Had his body been better suited to withstand the demands he has put on it, there’s little doubt that Michael Owen (32) would be with England at Euro 2012 right now. He isn’t though and he was never anywhere close to being considered. Three years of sitting on the Manchester United bench or lying on the Manchester United treatment table may have won him three trophies but it hasn’t enhanced his reputation.
The harsh truth is that he deserves little credit for the silverware. His contribution at Old Trafford was minimal. Having managed just one league appearance last season and not featuring at all since last November, few would have been surprised to hear him announce his retirement this summer.
Instead, having been released by Alex Ferguson, he’s staying in the Premier League. Such is his perceived value that, even after years of injury problems and few goals, he has had several offers to stay in the top tier.
But Everton boss David Moyes is being linked with the vacant White Hart Lane job, so if he packs his bags for London Town, Owen might be an option short.
Lord of the Manor
It may be because he likes Stoke’s style of play or Tony Pulis as a manager. It may also be because his beloved Manor House Stables is only 30 miles away from where he’ll be working.
Suggesting Owen prefers his horses to his football is certainly a piece of speculation but not necessarily of the wild variety. It’s no stretch to suggest that he sees football as a business. This is the man who had a 32 page brochure about himself made up and distributed to potential new clubs after being released by Newcastle.
Considering his massive early success, his disappointment at being unwanted at Real Madrid and his later injury problems, losing a little love for the game would be understandable. As is wanting to keep the pay-cheques coming in.
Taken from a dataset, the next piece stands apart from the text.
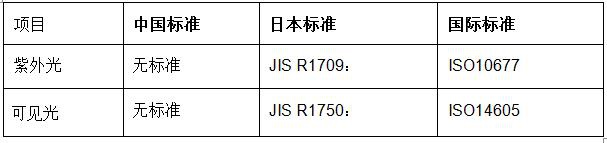 RTO,RTO焚烧炉,蓄热式焚烧炉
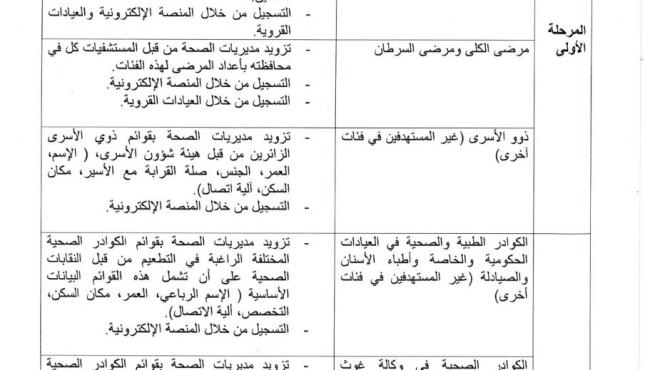 مراحل تلقي لقاح كورونا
On race day the horses do all the running. Michael can stand and watch, enjoying the thrill of the sport without the risk of tearing a hamstring, or snapping some very necessary ligament.
Even if this speculative take on his situation is close to the mark, it’s not to say that Stoke will be getting a money-hungry renegade. Owen has always been a good professional.
Football may just be a job to him now but you can rely on the fact that he’ll still do what’s asked of him when he’s on the clock. The body may not always have been able but it be would be remiss to suggest the will was ever lacking. If he stays reasonably fit he’ll certainly make a positive contribution to Stoke’s cause.
At Manor House Stables, with trainer Tom Dascombe on board, Owen has a top class set-up which is promising to deliver big things in the future. Dascombe decided to work with Owen after he felt the “enthusiasm radiating from” the striker. It’s clear he has a passion for horses, one which possibly eclipses his passion for the beautiful game. Some might say that signing for Stoke would be the proof of that.
Playing for Stoke won’t deliver the success his Manor House Stables is likely to do in the years to come but for now it’ll pay the bills.